9º) Any other competencies attributed to it by these Statutes.
Article 20º.- Rules for Agreements.
1. No agreement may be adopted on matters which do not appear in the agenda unless all the members belonging to the Association unanimously agree.
2. The agreements will normally be adopted by a simple majority of votes except in the cases in which the Statutes state otherwise. In the event of a draw, the Chairman will have a casting vote.
Article 21º.- The Minutes.
1. Minutes will be kept of the meetings and these will be signed by the Secretary with the approval of the Chairman. They will contain a brief explanation of the agreements reached with the opinions against when those who have expressed these opinions wish them to be recorded.
2. Certificates of the agreements which are recorded in the minutes may be issued by the Secretary with the approval of the Chairman.
CHAPTER TWO
CONCERNING THE EXECUTIVE BOARD AND THE CHAIRMAN OF THE ASSOCIATION
Article 22º.- The Executive Board. Members and Voting.

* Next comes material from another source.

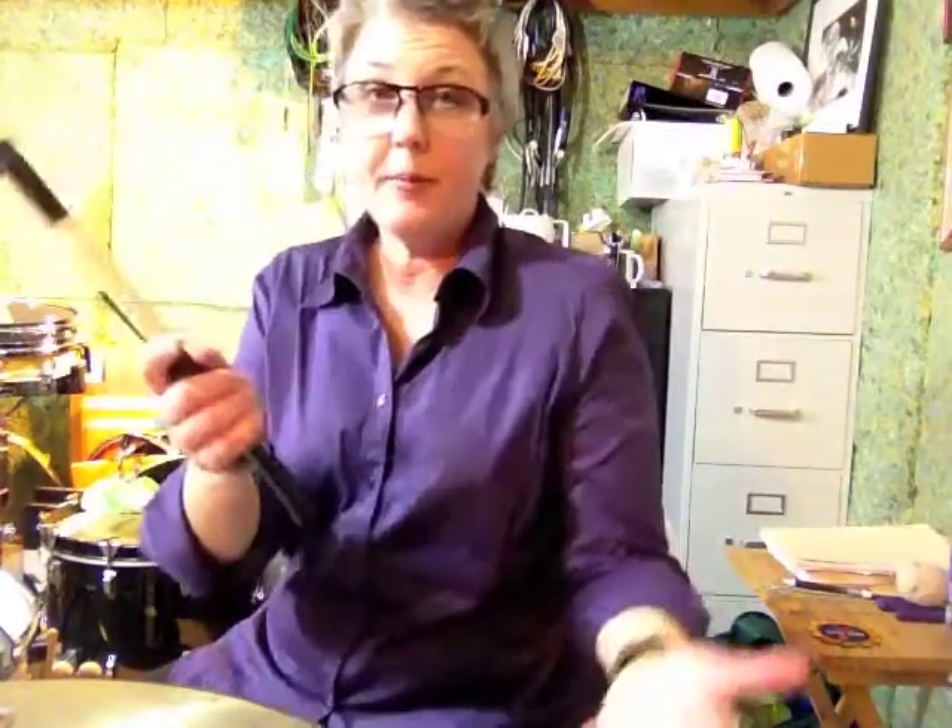All right, so here's the groove a little bit slower. I'm going to ditch the shaker for a second and just use my blastix.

1. The Executive Board will be composed of the Chairman and a representative of the ordinary members of each delta area elected by each area. The members from all the Coastal Wetlands will elect two representative to the Executive Board.
2. Each member of the Executive Board, including the Chairman, will have one vote. The Chairman’s vote will be a casting vote in the event of a draw.
3. From among the members of the Executive Board the Chairman will appoint a Vice-Chairman who will substitute him when for reasons of illness, absence or another justified reason, he cannot exercise his powers. The Executive Board will appoint a Treasurer and the post of Secretary will be regulated by what is stipulated in article 26.
4. The duration of the post of member of the Executive Board will be for three years and the members may be re-elected.
5. The members of the Board will carry out their functions unpaid apart from the compensation they must receive for the expenses incurred while carrying out their functions.
Article 23º.- The Meetings of the Executive Board.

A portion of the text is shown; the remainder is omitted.